In the case of Aldaba vs. Roque (43 Phil., 378), the testatrix signed the attestation clause which was complete,
and it was also signed by the two attesting witnesses. For this reason, the court said:
In reality, it appears that it is the testatrix who makes the declaration about the points contained in the
above described paragraph; however, as the witnesses, together with the testatrix, have signed the said
declaration, we are of the opinion and so hold that the words above quoted of the testament constitute a
sufficient compliance with the requirements of section 1 of Act No. 2645 which provides that: . . . (p.
381, supra.)
In the case of Dischoso de Ticson vs. De Gorotiza (57 Phil., 437), it was held that:
An attestation clause to a will, copied from a form book and reading: "We, the undersigned attesting
witnesses, whose residences are stated opposite our respective names, do hereby certify that the
testatrix, whose name is signed hereinabove, has publish unto us the foregoing will consisting of two
pages as her Last Will and Testament, and has signed the same in our presence, and in witness whereof
we have each signed the same and each page thereof in the presence of said testatrix and in the
presence of each other," held not to be fatally defective and to conform to the law.

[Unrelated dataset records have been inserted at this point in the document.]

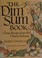 Cover of: The dim sum book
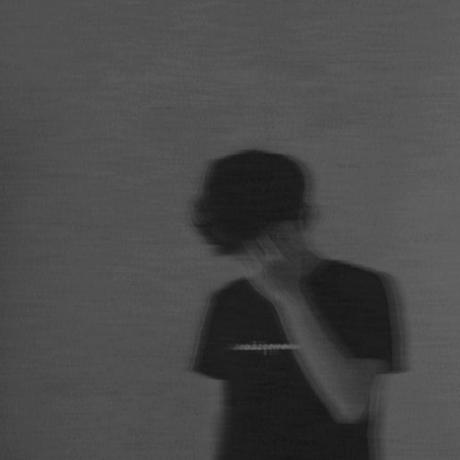 Naseeb0 Naseeb Github - Best Light Backgrounds in Ultra HD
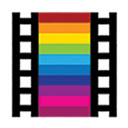 Visual Arts K 12  screen for extension Chrome web store in OffiDocs Chromium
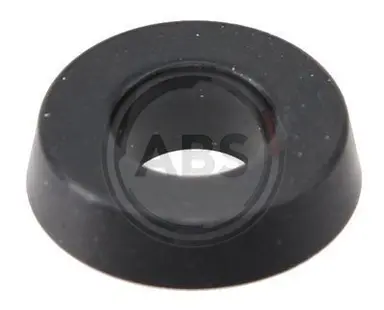 MANGUITO, CILINDRO FRENO DE RUEDA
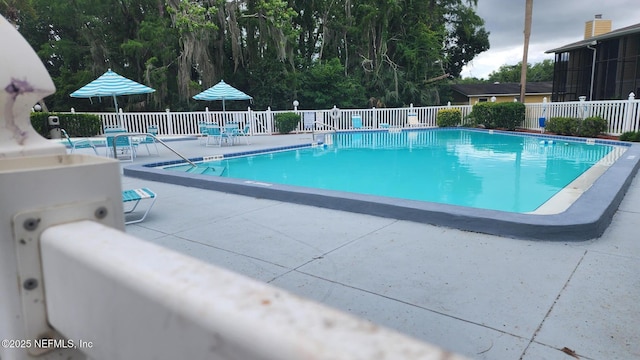 7936 Los Robles Ct Unit 7936, Jacksonville, FL 32256 - photo 34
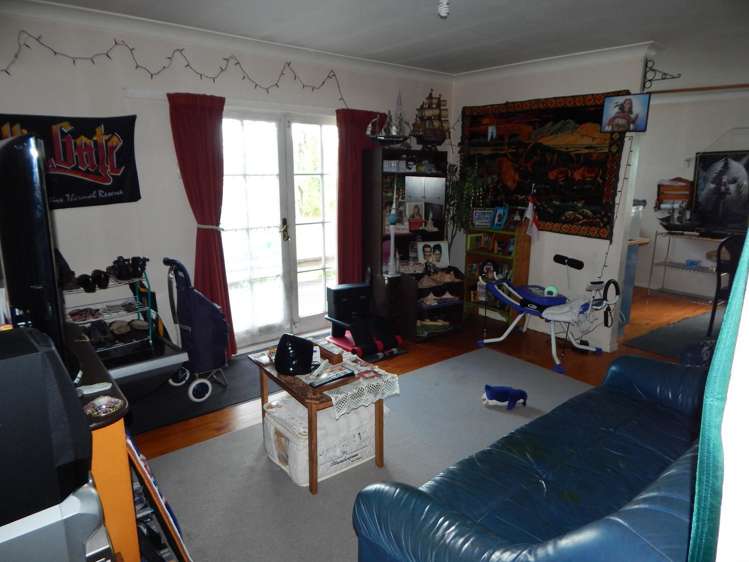 9 Colinton Place Tokoroa_9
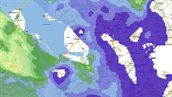 Mapviewer ThermoGIS
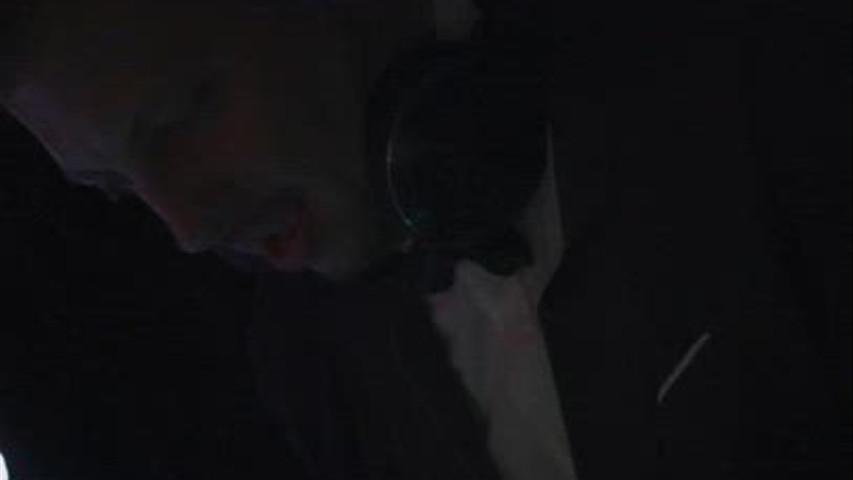 Dj Set
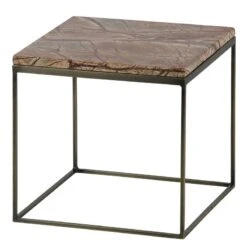 Bouts De Canapé Jokela (lot De 2) -Wenko Soldes Boutique 1000275636 210630 12465900149 DETAILS P000000001000275636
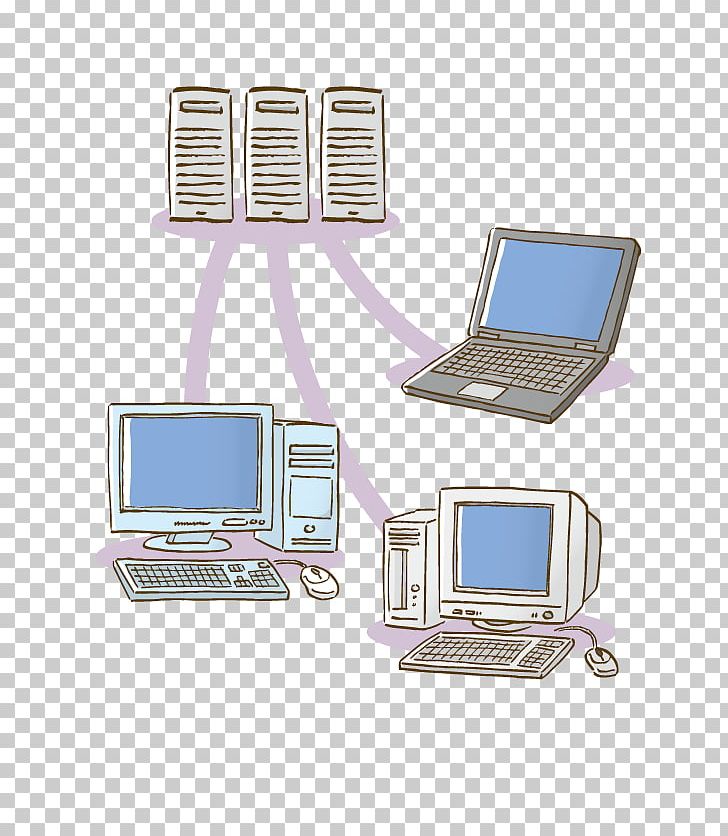 Computer Network Computer Servers Photography Illustration PNG, Clipart, Computer, Computer Icons, Computer Vector, Data, Digital Data Free PNG Download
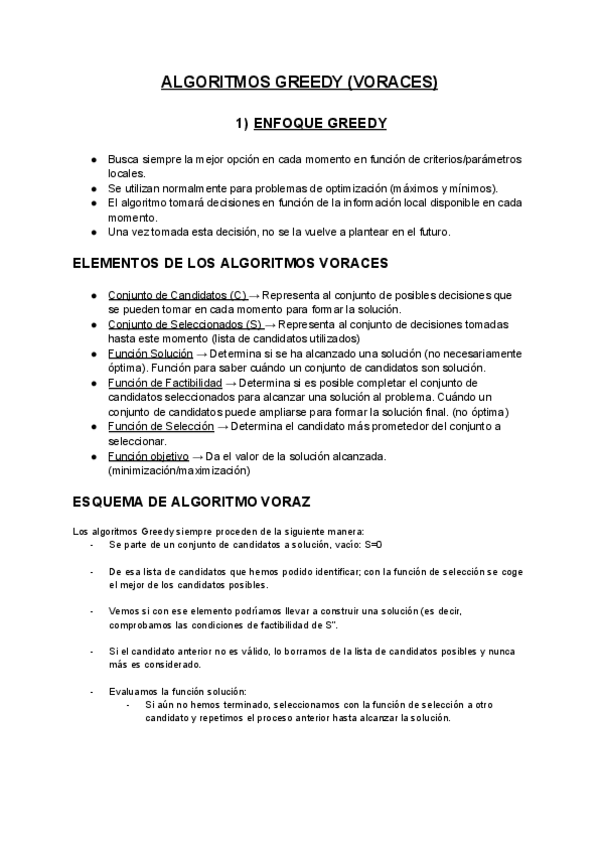 Miniatura del documento Tema-3-Algoritmos-Greedy.pdf
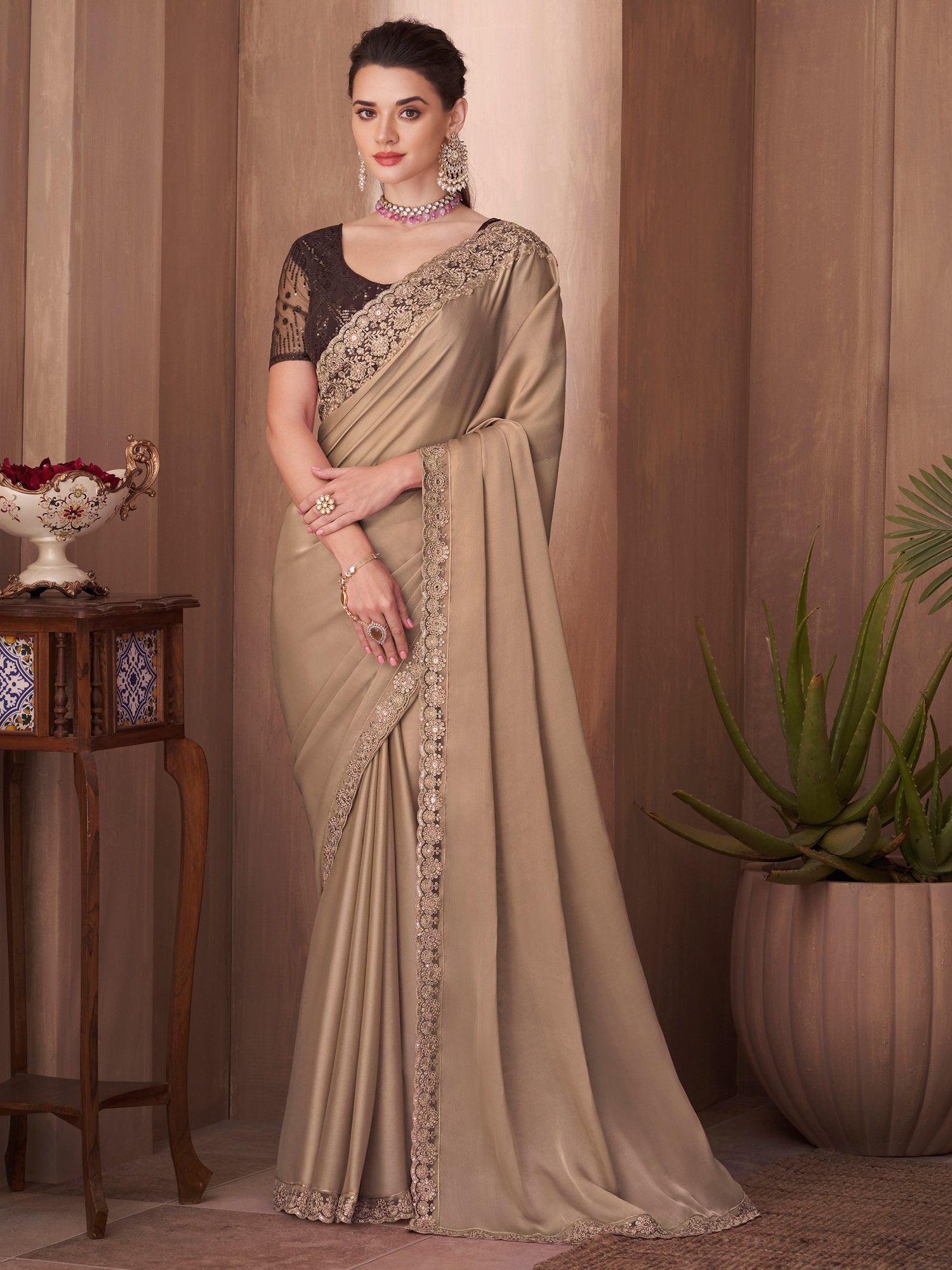 Get the best best kurti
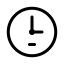 icons8-время-64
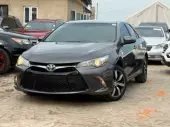 rightFront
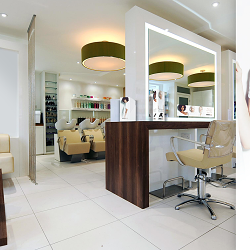 Babyliss Pro Relaunch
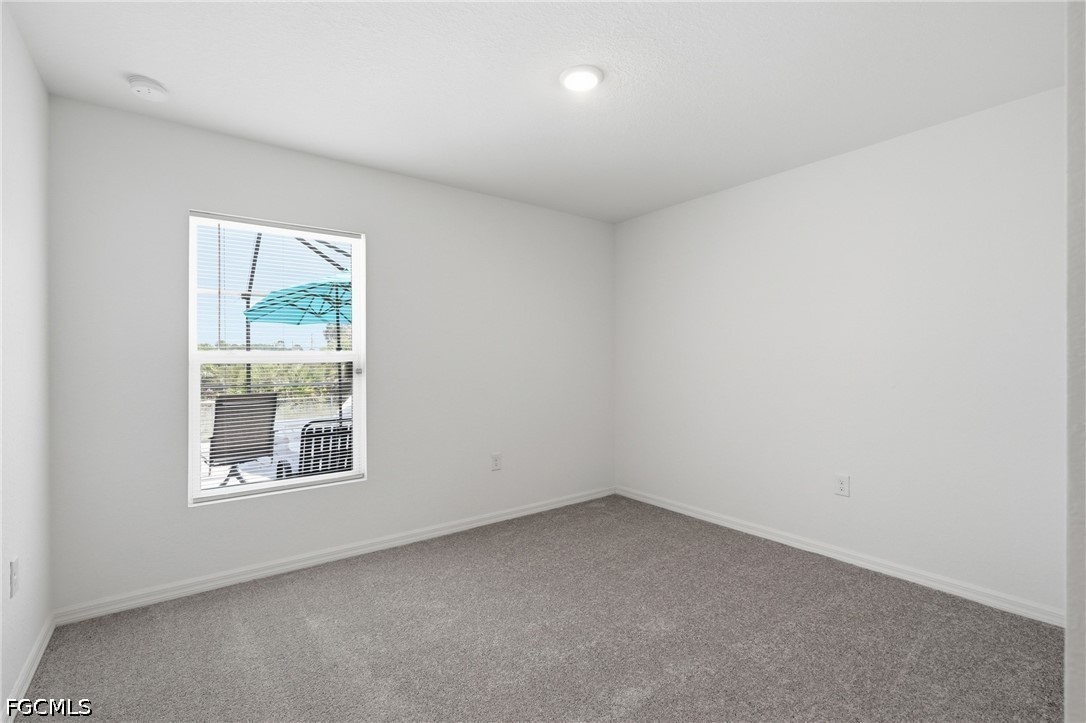 3 Bed SingleFamilyResidence for Sale in Lehigh Acres, FL — photo 35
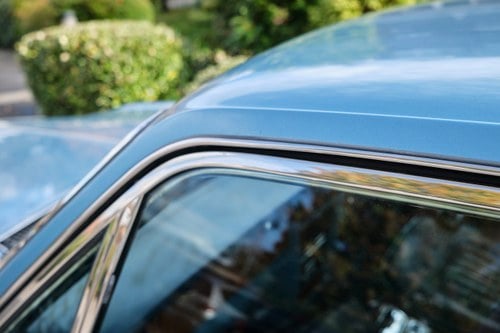 1991 Rolls Royce Silver Spirit II In vendita (immagine 193 di 350)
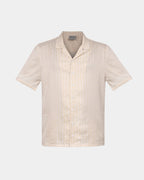 SANDSTONE SHIRT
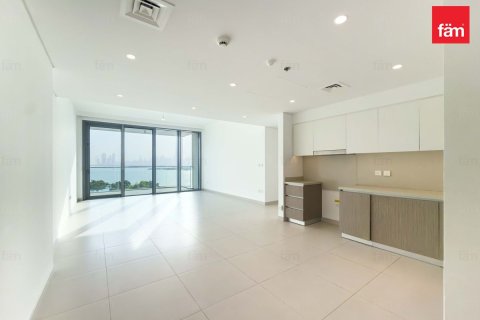 Apartmán v Dubai, SAE 2 spálne, 120.8 m2 č. 647766 - Fotografia 10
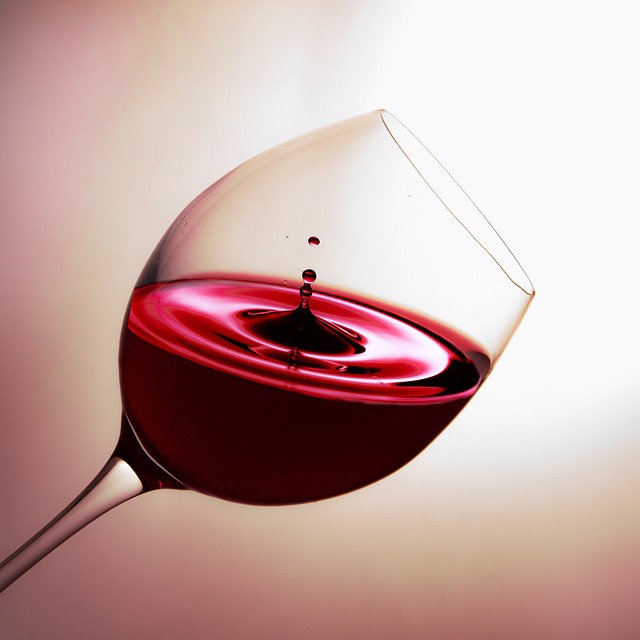 Trimbos lanceert website over belang van alcoholvrije levensstart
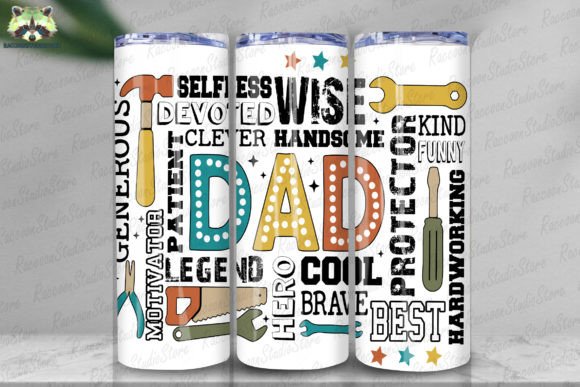 Custom 20oz Skinny Tumbler – Personalized Image & Text | Insulated Travel Cup for Hot & Cold Drinks | Gift for Any Occasion - Glasses and Mugs - Custom Crafting Alliance, LLC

This very different from the attestation clause in the case at bar.
In the case of Grey vs. Fabie * (40 Off. Gaz., 1st Supplement, 196, No. 3, May 23, 1939), the will was objected to
on the ground that, although the attestation clause stated that "each of the pages of which the said will is
composed" was signed by the testatrix at the left margin and at the foot of the fifth page, it did not state that the
signature was made in the presence of the witnesses. It was held, however, that said deficiency was cured by the
phrase "as well as by each of us in the presence of the testatrix." The words "as well as" indicate that the
testatrix signed also in the presence of the witnesses, for the phrase "as well as" in this case is equivalent to
"also." The language is clear and, unlike the attestation clause in the present case, does not necessitate any
correction. In the body of the will the testatrix stated that she signed in the presence of each and all of the three
witnesses. This was considered as a corroboration, but it was unnecessary.
In the case of Leynez vs. Leynez (40 Off. Gaz., 3rd Supplement, 51, 52, No. 7, October 18, 1939; 68 Phil., 745), the
attestation clause reads as follows:
Suscrito y declarado por el testador Valerio Leynez, como su ultima voluntad y testamento en presencia
de todos y cada uno de nosotros, y a ruego de dicho testador, firmamos el presente cada uno en
presencia de los otros, o de los demas y de la del mismo testsador, Valerio Leynez. El testamento consta
de dos (2) paginas solamente.
The objection was that the attestation clause did not state that the testator and the witnesses signed each and
every page of the will. This fact , however, appears in the will itself. It is clear, therefore, that in case of the will
complied with all the requisites for its due execution. In the instant case, essential words were omitted.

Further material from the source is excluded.